======== Data ========

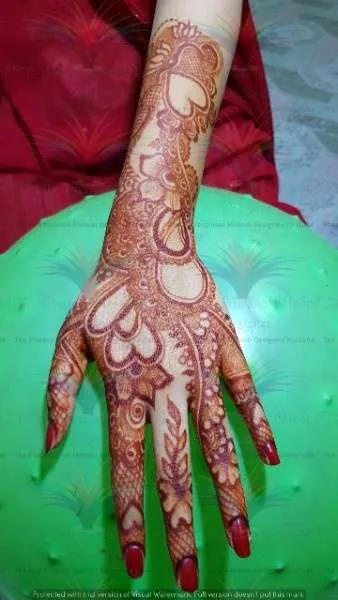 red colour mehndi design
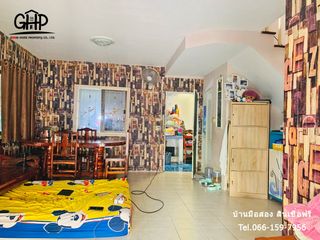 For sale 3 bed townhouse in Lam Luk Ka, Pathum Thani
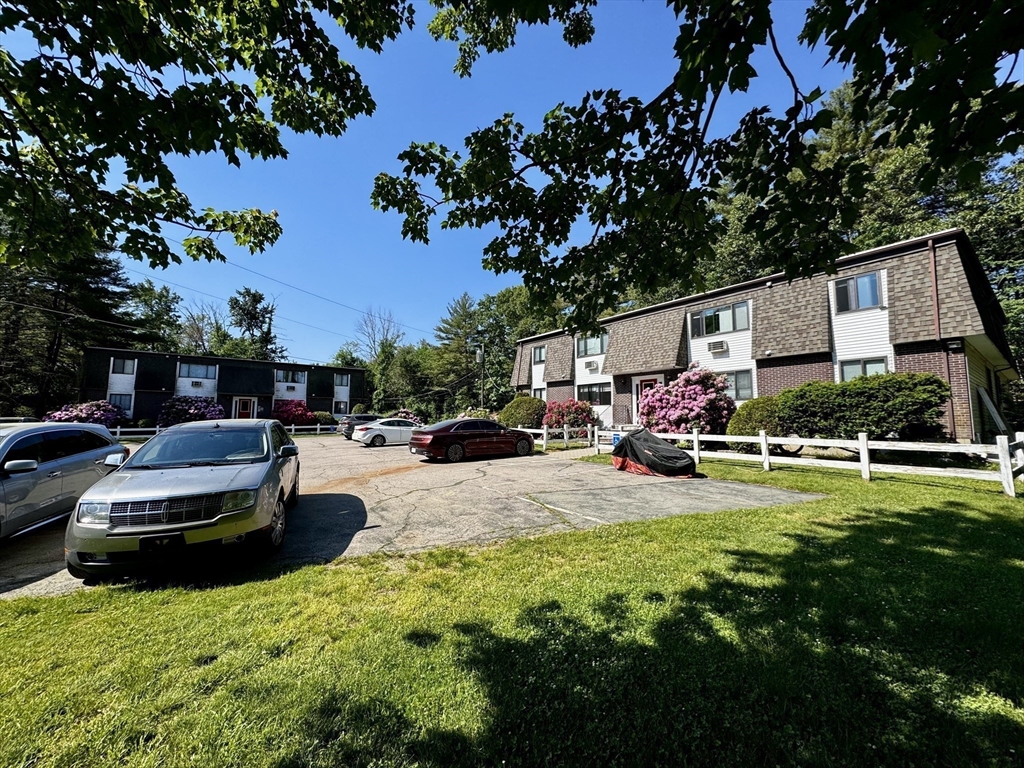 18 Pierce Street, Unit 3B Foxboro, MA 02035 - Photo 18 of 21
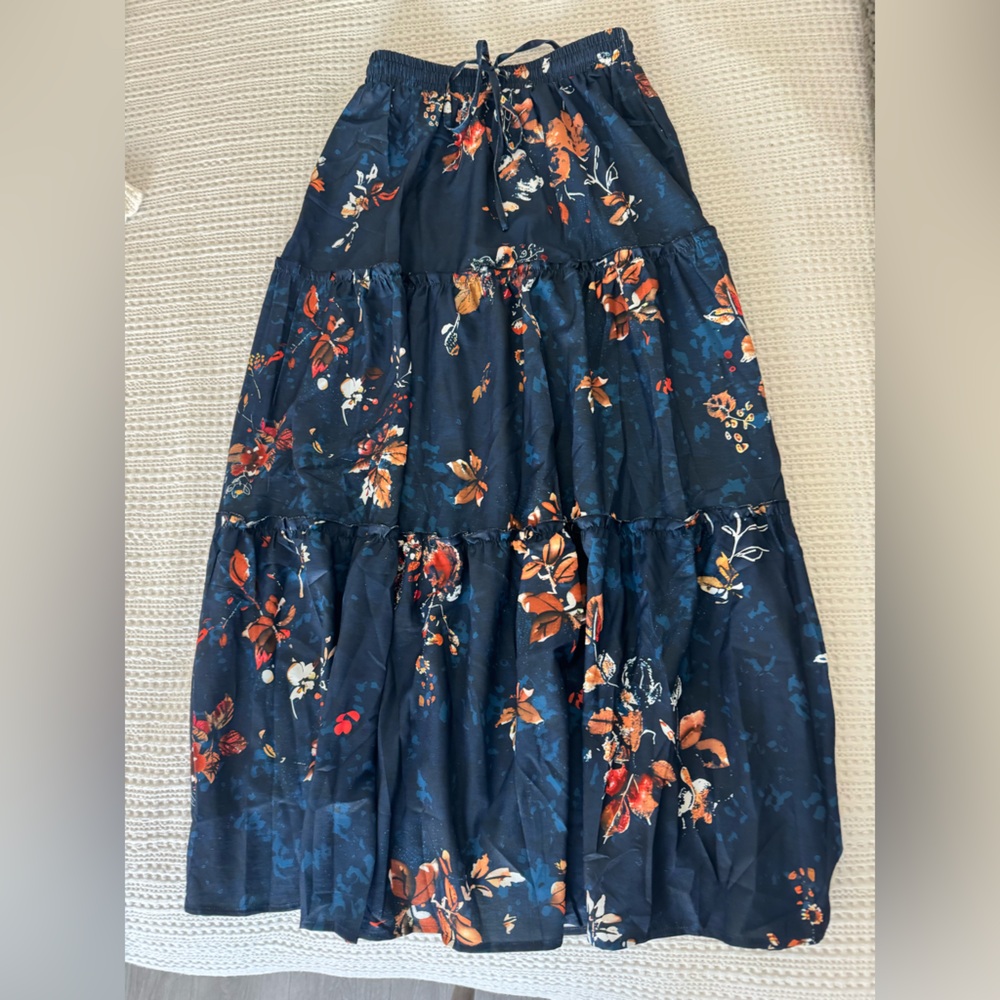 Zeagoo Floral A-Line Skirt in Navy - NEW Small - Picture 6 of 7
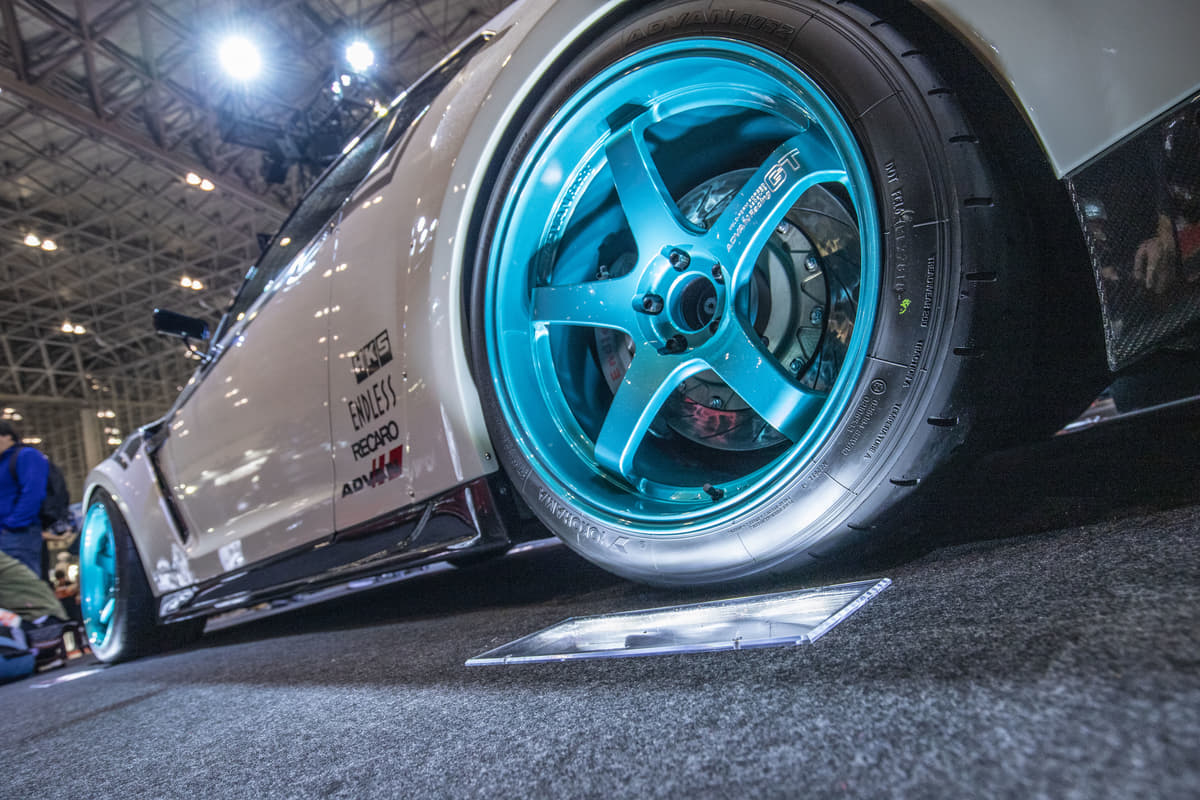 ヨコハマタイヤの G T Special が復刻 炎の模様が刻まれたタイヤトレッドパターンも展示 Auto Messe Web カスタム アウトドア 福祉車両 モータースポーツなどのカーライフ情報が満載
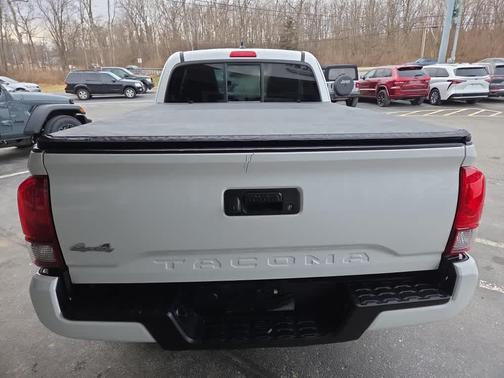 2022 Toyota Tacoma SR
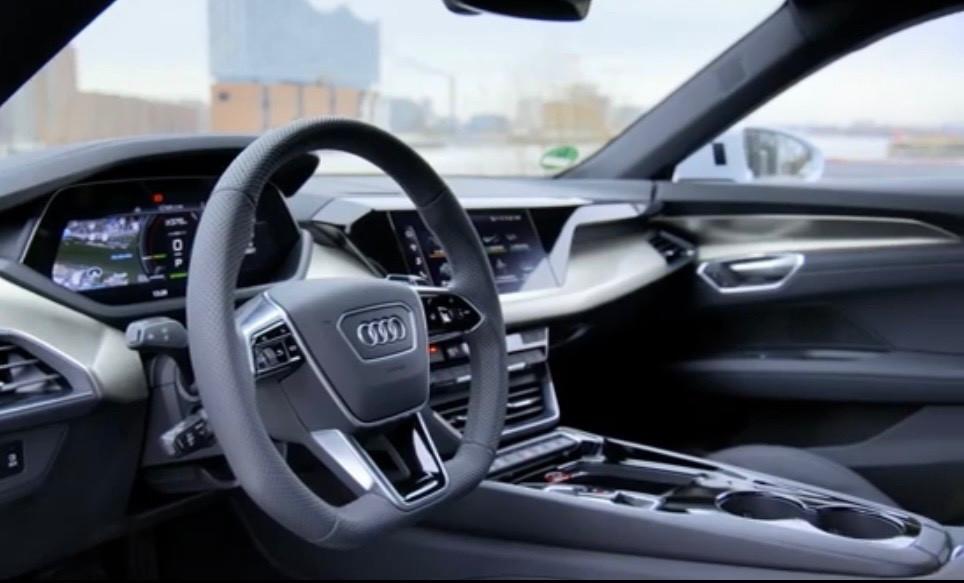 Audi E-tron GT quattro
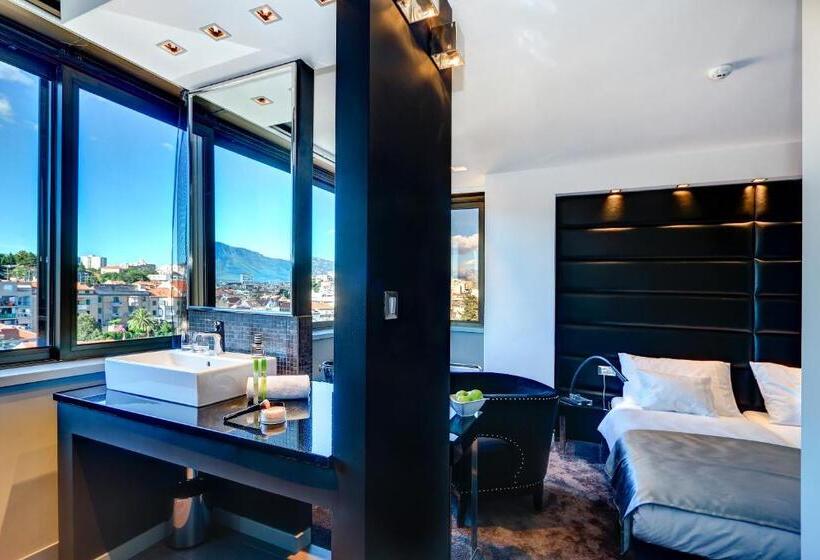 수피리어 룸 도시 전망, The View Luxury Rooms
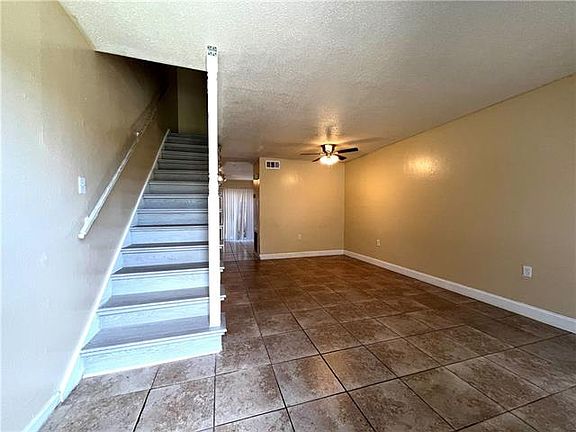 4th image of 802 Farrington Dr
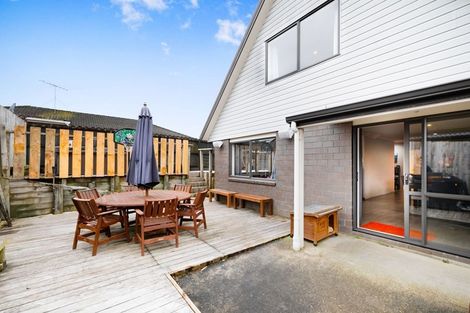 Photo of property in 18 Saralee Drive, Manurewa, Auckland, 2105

========

→ Work to be completed
Could you give again precisely the lines from the one containing "For sale 3 bed" through the final line of the material above, both included, and no others, dropping the pictures?

→ Answer to the exercise
 For sale 3 bed townhouse in Lam Luk Ka, Pathum Thani
 18 Pierce Street, Unit 3B Foxboro, MA 02035 - Photo 18 of 21
 Zeagoo Floral A-Line Skirt in Navy - NEW Small - Picture 6 of 7
 ヨコハマタイヤの G T Special が復刻 炎の模様が刻まれたタイヤトレッドパターンも展示 Auto Messe Web カスタム アウトドア 福祉車両 モータースポーツなどのカーライフ情報が満載
 2022 Toyota Tacoma SR
 Audi E-tron GT quattro
 수피리어 룸 도시 전망, The View Luxury Rooms
 4th image of 802 Farrington Dr
 Photo of property in 18 Saralee Drive, Manurewa, Auckland, 2105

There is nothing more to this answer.